Growing Up Irooni: Hamid Rahmanian on Building Persian Culture, One Story at a Time

Learn Persian with Chai and Conversation

Chai & Conversation

Iran, Conversation, Persian, Chai, Language Learning, Farsi, Courses, Education

4.9548 Ratings

🗓️ 13 May 2026

⏱️ 90 minutes

🧾️ Download transcript

Summary

In this episode, Leyla sits down with Hamid Rahmanian — the Iranian-American artist, filmmaker, and visionary behind some of the most ambitious Shahnameh projects of our time, including the illustrated Shahnameh: The Epic of the Persian Kings, the touring live productions Feathers of Fire and Song of the North, and most recently Rostam: Tales from the Shahnameh, a beautifully illustrated edition for younger readers.

Hamid takes us back to his childhood in Tehran, where he grew up in a traditional family with no exposure to the arts — not knowing that art school even existed until he was nineteen. He shares the moment Pink Floyd changed his life, the exam that nearly sent him to the front lines of the Iran-Iraq war, and the Saadi poem that pushed him to leave his successful Tehran design firm at the height of his career to start over in New York.

The conversation traces his unlikely path through Pratt Institute, Disney Animation (which he begged to be laid off from), early documentary films exploring Iranian identity, and his eventual partnership with his wife Melissa — whose simple challenge, "Why don't you just do it?", sparked what would become nearly two decades of work bringing the Shahnameh to global audiences.

Hamid speaks honestly about the economics of cultural work that doesn't fit easily into grants or markets, why he refuses to make art for elites or museums, and what he's learned about the Iranian diaspora's complicated relationship with its own culture. He shares why he believes culture, not politics, is what endures — and why building it requires us to show up, spend money, and participate, rather than scroll past.

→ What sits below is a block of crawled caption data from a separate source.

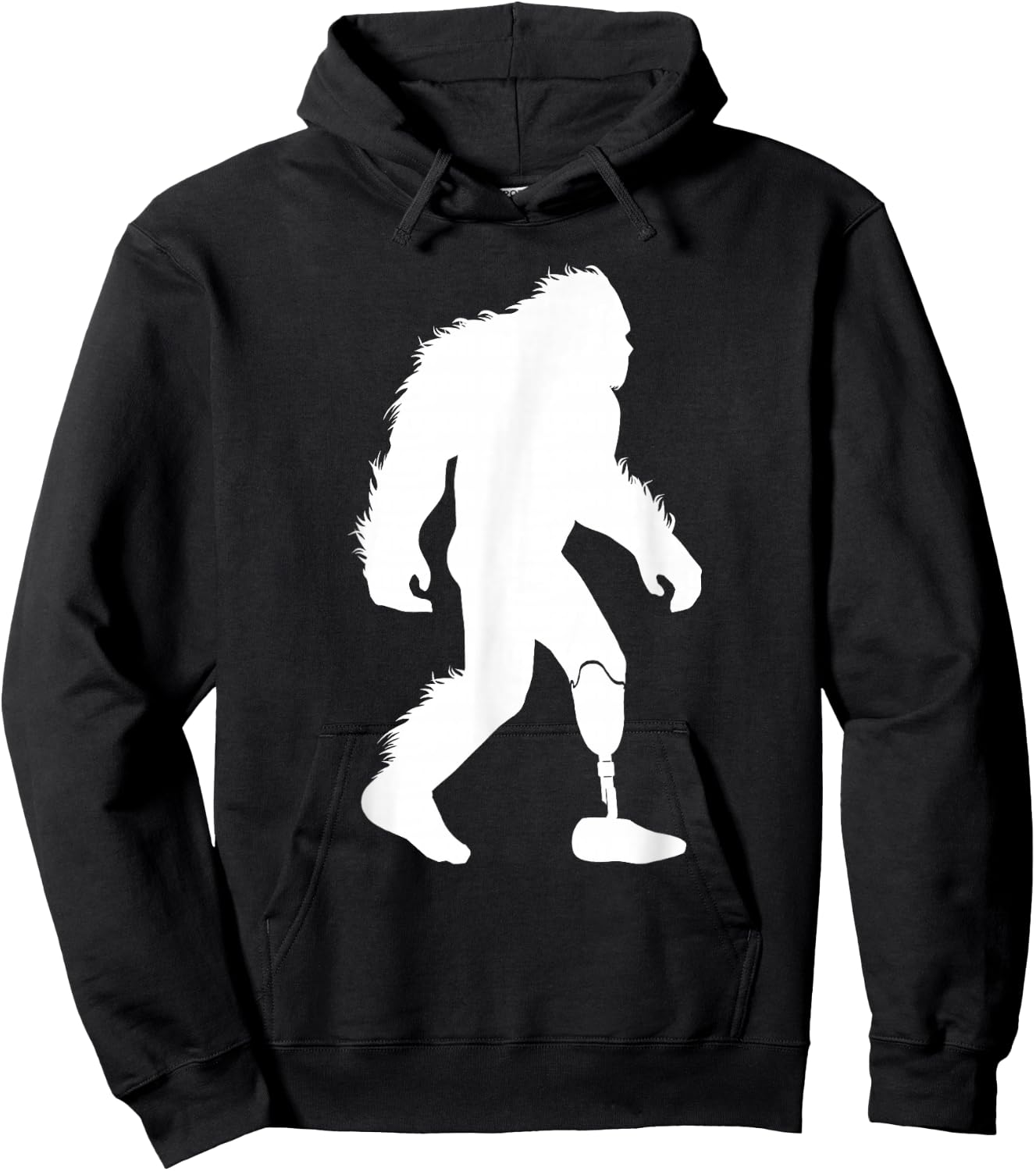 Bigfoot Leg Amputee Sasquatch Wearing Prosthetic Leg Hoodie - Hoodie | Black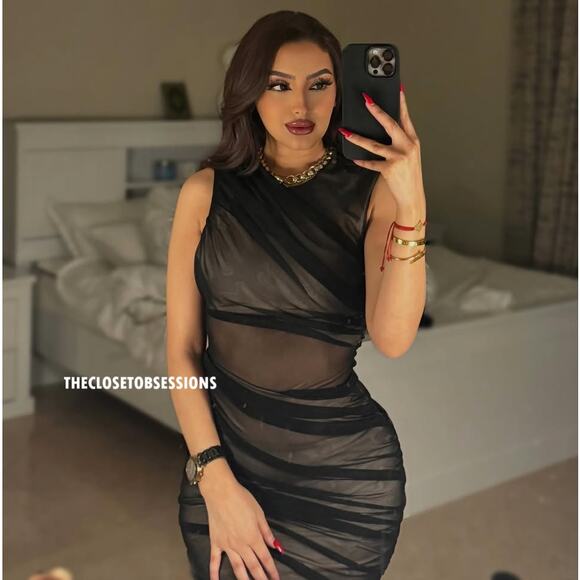 ZARA Black Draped Fitted Sleeveless Midi Dress NWT - Picture 7 of 16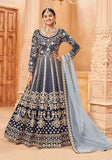 Festive Navy Blue Embroidered Pure Art Silk Anarkali Kurta Set Online Shopping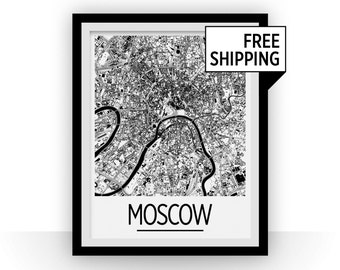 Moscow Map Poster - russia Map Print - Art Deco Series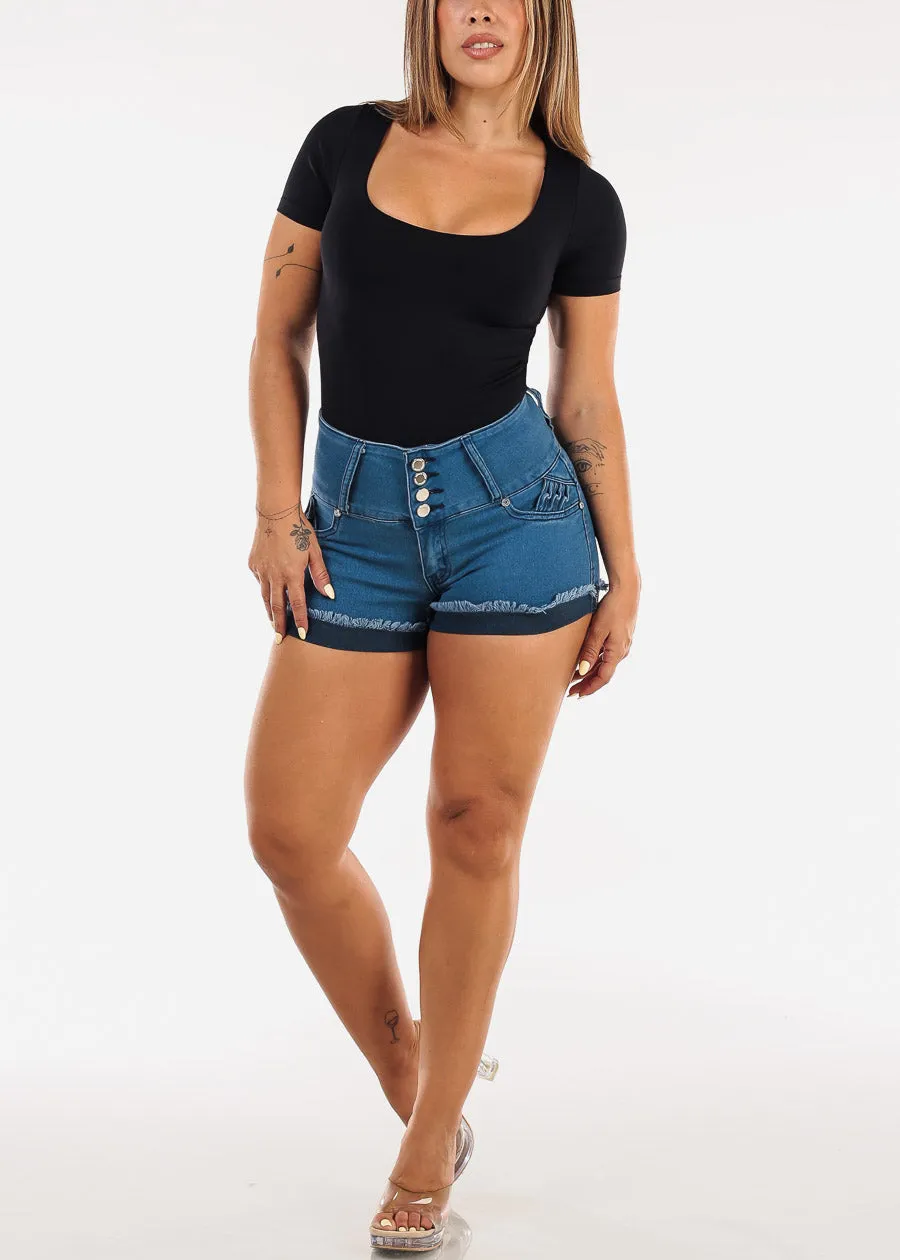 Short Sleeve Scoop Neck Stretch Bodysuit Black sold by Moda product image thumbnail 2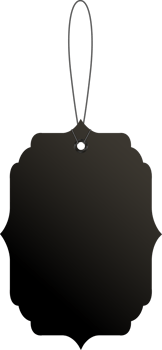 Black price or luggage tags of vintage shapes with rope png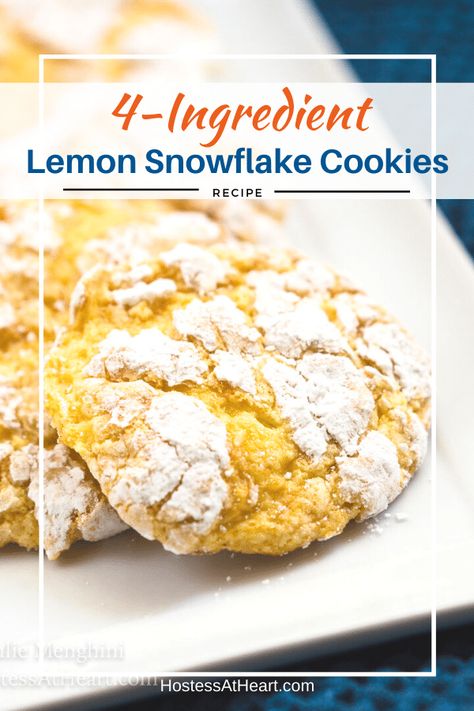 4 Ingredient Light and Luscious Lemon Snowflake Cookies are so easy to make and literally melt in your mouth.  They're the perfect no-fuss cookie recipe. Snowflake Cookies Recipe, Snowflake Recipes, Lemon Cake Cookies, Lemon Cake Mix Cookies, Cookies Lemon, Snowflake Cookie, Cake Mix Desserts, Lemon Cookies Recipes, Best Holiday Cookies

It's a generous, funny, and often pointed conversation with someone who has spent his life proving that Persian stories belong on every table, in every classroom, in every home — and that the people best positioned to make that happen are us.


Related Links

  • Hamid Rahmanian's official sitekingorama.com (note: I wasn't able to verify the exact URL spelling — Hamid mentions it in the interview as "Kingarama" but this should be confirmed before publishing)
  • Hamid's instagram- https://www.instagram.com/hamidinperson/
  • Rostam: Tales from the Shahnameh — the new illustrated edition, available at his site (this is the book Leyla is giving away in the episode)
  • Shahnameh: The Epic of the Persian Kings — the complete illustrated edition referenced throughout
  • Feathers of Fire — the touring live production (full video viewable on his site)
  • Song of the North — the second major live production, which toured over 100 times
  • Tragedy of Siyāvash — his newest live production, just finished
  • The Glass House — his 2008 documentary about a charity center for troubled teenage girls in Tehran
  • Sir Alfred of Charles de Gaulle Airport — his documentary about Mehran Karimi Nasseri, the Iranian who lived in the Paris airport
  • Saadi's Golestan — the source of the poem (tang-cheshmān nazar be meeve konand, mā tamāshā-konāne bostāni) that changed Hamid's life
  • Ja'far Mahjoob — the Shahnameh scholar whose recordings ignited Hamid's love for the epic
  • Zeffirelli's Don Giovanni at the Met — the production that convinced Hamid to stay in New York

Transcript

Click on a timestamp to play from that location

0:00.0

Iran is like a symphony, you only hear one note of it.

0:04.1

You should actually have, I wanted to introduce another instrument. So Hamid Rahmonian, thank you so much for finally, finally joining me.

0:39.3

We've been working on this for months and years.

0:43.5

Yes.

0:44.7

Yes, but like you said, I think of myself as one of the biggest fans of your work.

0:49.3

But like you said, I haven't seen the live productions.

0:52.2

I've watched everything that I can online about any of the live productions.

0:56.0

I watch the full video of the feathers of fire, but I know it's not the same thing. So I think that will take me to the next level of fan when I finally see a show.

1:04.8

Thank you. But I'm very excited to talk to you. I have a lot of questions and they've been building and building. I had the pleasure of meeting you and your partner, your wife, who is a big part of the operations a few months ago in New York. So I'm glad that I get to talk to you after meeting her as well. So I'd love to talk to you about all of this. But this show is called Growing Up Iruni, and I love to know to go back and start at that point of growing up, Errone. So you grew up in Iran. So if you can go back and talk about that, what was your childhood like in Iran? Where did you grow up? Go way back. You got to talk about Sean. Oh, man. I'm going back. We will. We will. They go to the beginning.

1:44.7

Okay.

1:45.1

There are different, different narratives on that.

1:48.0

Yes.

1:48.5

Where are we going to start?

1:49.9

Yes.

1:51.0

Yeah.

1:51.6

So where did you grow up?

1:53.0

What city?

1:53.9

I grew up in Tehran.

1:55.1

Actually, I born exactly two house away from the way ofufa Rooksad Bor.

2:02.2

Oh, wow.

2:02.9

It was just, wow.

2:05.6

Kuchimu, yeah.

...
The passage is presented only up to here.